View from Kayford - The Appalachian Rainforest

View from Kayford – The Appalachian Rainforest

Grand Aspirations’ August Gathering brought me into back into a familiar headspace – the sense of being a part of something larger than myself. Soulardarity is crossing its ocean alone, but there’s comfort in the knowledge that there are other oceans, and other people staring at the same distant points of light and finding their way across.

The image of a mountain, leveled, is hard to hold in your memory. Even harder is the recognition that there are people who see it every day, whose livelihoods are tied to that process, or whose lives are dedicated to resisting it. And much as I sometimes feel like I ought to stay in West Virginia, forever, it’s not my place. I’ve got different oceans to cross.

View from Kayford - Mountaintop Removal Site

View from Kayford – Mountaintop Removal Site

View from Kayford - Elise explaining things about West Virginian ecology

View from Kayford – Elise explaining things about West Virginian ecology

On my way down here, I stopped in North Carolina to visit a friend who just transferred to a new school. The people I’ve met in the last few days have returned to their unique lives and challenges. Each of you has a reason for being where you are, doing what you’re doing. Your reasons are a reaction to your experience in the world, and they are exactly as valid as mine, so I wish you luck.
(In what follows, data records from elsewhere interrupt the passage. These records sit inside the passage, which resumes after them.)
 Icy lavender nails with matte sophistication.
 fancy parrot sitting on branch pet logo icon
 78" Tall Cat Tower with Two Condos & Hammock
A character in The Brothers Bloom says a thing that’s stuck with me:

“There’s no such thing as an unwritten life, just a badly written one.”

So it comes as no surprise to me that my grandma put one of the earliest models of a solar heating system on her house in Bristol, a fact I learned only recently, and she still expresses bewilderment that we barely use the energy raining down on our houses every day. She’ll tell me this story with detail and precision, then forget my name, then laugh about it. I get the sense that she’s crossed her share of oceans (after all, she was advocating for renewable energy in the 1950’s), and she’s not about to embark on any more.

I hope that everyone else at the August Gathering left with a sense of what their next chapter will be about, a new tool for the next sea journey, or the strength of knowing that others are out there, doing all the things you don’t have the time or the know-how to do. After staring at the stars for a while, I stood, walked down a narrow sand pathway and up onto the walkway, entered the gate code on the key pad, walked past a thirsty lawn and a heated, empty, lit swimming pool, and walked into the condominium, where I opened this computer and applied to be on the national Advisory Council.

For those of you who are already a part of Grand Aspirations, whether I’ve met you yet or not, I’m psyched to be working in solidarity with you.

And if you aren’t, but you believe in helping people cross oceans: same goes.